Many of our leases include one or more options to renew, with renewal terms that can extend the lease term from 1 year to 40 years or more. For each lease, we consider whether we are reasonably certain to exercise these options to extend. Other contracts may contain termination options that we assess to determine whether we are reasonably certain not to exercise those options. Certain leases also include options to purchase the leased property. The depreciable lives of assets and leasehold improvements are limited by the expected lease term, unless there is a transfer of title or purchase option reasonably certain of exercise.
Some of our lease agreements include rental payments adjusted periodically for inflation. Most of these adjustments are considered variable lease costs. Other variable lease costs consist of certain non-lease components that are disclosed as lease costs due to our election of the practical expedient to combine lease and non-lease components and include items such as variable payments for utilities, property taxes, common area maintenance, sales taxes, and insurance.
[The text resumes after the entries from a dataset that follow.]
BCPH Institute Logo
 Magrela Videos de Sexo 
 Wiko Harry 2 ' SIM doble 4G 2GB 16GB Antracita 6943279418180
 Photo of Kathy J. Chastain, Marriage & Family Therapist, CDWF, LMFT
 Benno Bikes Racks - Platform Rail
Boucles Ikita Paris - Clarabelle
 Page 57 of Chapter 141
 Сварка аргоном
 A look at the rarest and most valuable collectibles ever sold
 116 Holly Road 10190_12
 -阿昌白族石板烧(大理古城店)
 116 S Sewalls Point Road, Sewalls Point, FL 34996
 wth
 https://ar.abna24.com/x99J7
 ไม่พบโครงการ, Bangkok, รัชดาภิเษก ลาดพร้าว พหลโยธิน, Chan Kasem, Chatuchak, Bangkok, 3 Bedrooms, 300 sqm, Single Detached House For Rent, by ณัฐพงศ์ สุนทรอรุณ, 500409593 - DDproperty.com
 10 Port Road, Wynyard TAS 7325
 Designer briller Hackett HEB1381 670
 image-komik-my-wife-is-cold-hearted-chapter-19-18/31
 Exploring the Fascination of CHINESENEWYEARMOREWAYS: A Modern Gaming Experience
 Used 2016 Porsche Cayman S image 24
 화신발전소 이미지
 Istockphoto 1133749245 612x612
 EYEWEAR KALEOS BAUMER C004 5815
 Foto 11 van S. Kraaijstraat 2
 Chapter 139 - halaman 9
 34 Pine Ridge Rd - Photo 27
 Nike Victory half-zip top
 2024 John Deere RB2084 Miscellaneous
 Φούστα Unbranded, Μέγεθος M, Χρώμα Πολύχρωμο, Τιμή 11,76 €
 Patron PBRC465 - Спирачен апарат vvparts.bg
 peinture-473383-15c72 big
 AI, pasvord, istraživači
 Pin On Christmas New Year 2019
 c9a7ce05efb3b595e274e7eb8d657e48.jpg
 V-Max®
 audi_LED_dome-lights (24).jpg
For leases with an initial term of 12 months or less, we have not recognized an ROU asset or lease liability on the Unaudited Condensed Consolidated Balance Sheets; we recognize lease expense for these leases on a straight-line basis over the lease terms.
In response to the COVID-19 global pandemic, we have secured rent relief from some of our lessors. The rent relief offered has most often been in the form of rent payment deferrals for one or more months to be paid back over a specified period of time ranging from one month to the remaining term of the lease. In accordance with FASB Staff Q&A - Topic 842 and Topic 840: Accounting for Lease Concessions Related to the Effects of the COVID-19 Pandemic ("FASB Staff Q&A") issued in April 2020, we are able to account for lease deferrals resulting directly from COVID-19 as if the enforceable rights and obligations for the deferrals existed in the respective contracts at lease inception as long as those concessions do not result in a substantial increase in our lease obligations. As a result, we have been able to apply the relief in most circumstances. Guidance from the FASB Staff Q&A provided methods to account for such rent deferrals, including the option to account for the lease as if no changes to the lease contract were made or to account for the deferred payments as variable lease payments. For the majority of our leases that were affected by rent relief actions, we elected to account for the deferrals as if no changes to the lease contract were made and continued to recognize lease expense, on a straight-line basis, during the deferral period. As of June 30, 2020, payment deferrals totaled $7 million and were recorded in Other current liabilities on the Unaudited Condensed Consolidated Balance Sheets. Other concessions consisting of abated rent or discounted rent, without payback, from various landlords of $2 million resulted in reductions to Selling, general and administrative expenses in our Unaudited Condensed Consolidated Statements of Income.